International Atomic Energy Agency inspectors in Vienna will probably review intelligence they received about Iran as a result of the revelations, said the two diplomats who are familiar with the IAEA’s Iran file and asked not to be named because the details are confidential. The CIA passed doctored blueprints for nuclear-weapon components to Iran in February 2000, trial documents have shown.

“This story suggests a possibility that hostile intelligence agencies could decide to plant a ‘smoking gun’ in Iran for the IAEA to find,” said Peter Jenkins, the U.K.’s former envoy to the Vienna-based agency. “That looks like a big problem.”

Importantly, this story comes from two IAEA officials who are familiar with the evidence against Iran, and therefore would know if aspects of the Merlin caper resemble things they’ve been handed by the CIA, almost certainly including the Laptop of Deathlaundered through MEK to the CIA in 2004.

You’ll recall that immediately upon hearing some of the sketchy details of the Merlin caper I thought of the Laptop of Death and a dubious tale, told by Iraqi nuclear scientist Mahdi Obeidi, involving the blueprints posted above. And I’ve only got more questions about the operation given what we learned since that day.

Here are some of those questions.

  • Why did CIA immediately turn to dealing Iraq nuclear blueprints after such a clusterfuck on Merlin’s first operation — and why wasn’t Sterling involved?
  • Why did both Bob S and Merlin tell the FBI in 2006 that Sterling was just a marginal player in the operation?
  • Did the program get more sensitive over time?
  • Why is the government claiming this part of James Risen’s State of War is as sensitive than his exposure of a massive illegal wiretap program?
  • Did the kind of deception involved change?
  • What was CIA intending with its Iran approach in 2003, and what really happened with it?
  • Why explains the weird reception for Jeffrey Sterling’s complaint at the Senate Intelligence Committee?
  • Why was Bill Duhnke the top suspect?

Why did CIA immediately turn to dealing Iraq nuclear blueprints after such a clusterfuck on Merlin’s first operation — and why wasn’t Sterling involved?
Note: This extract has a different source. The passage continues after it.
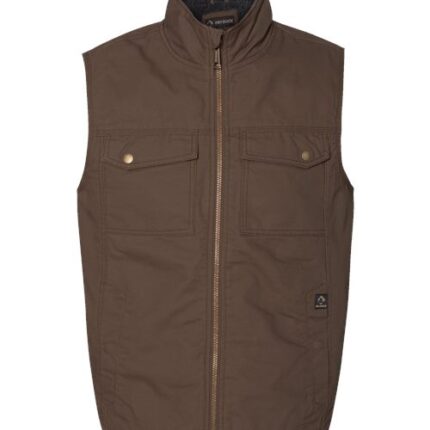 Men's Trek Canyon Cloth™ Vest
As I have laid out, less than a month after Bob S deemed Merlin unable “to follow even the simplest and most explicit direction” (Exhibit 44), he and one other case officer who was apparently not Jeffrey Sterling (though Sterling was still nominally Merlin’s handler) approached Merlin about repeating the operation with another country (Exhibit 45). David Swanson has compellingly shown that that country was almost certainly Iraq. That operation, however, would be “rather more adventurous” than the Iranian op that Merlin had already proven so inadequate to.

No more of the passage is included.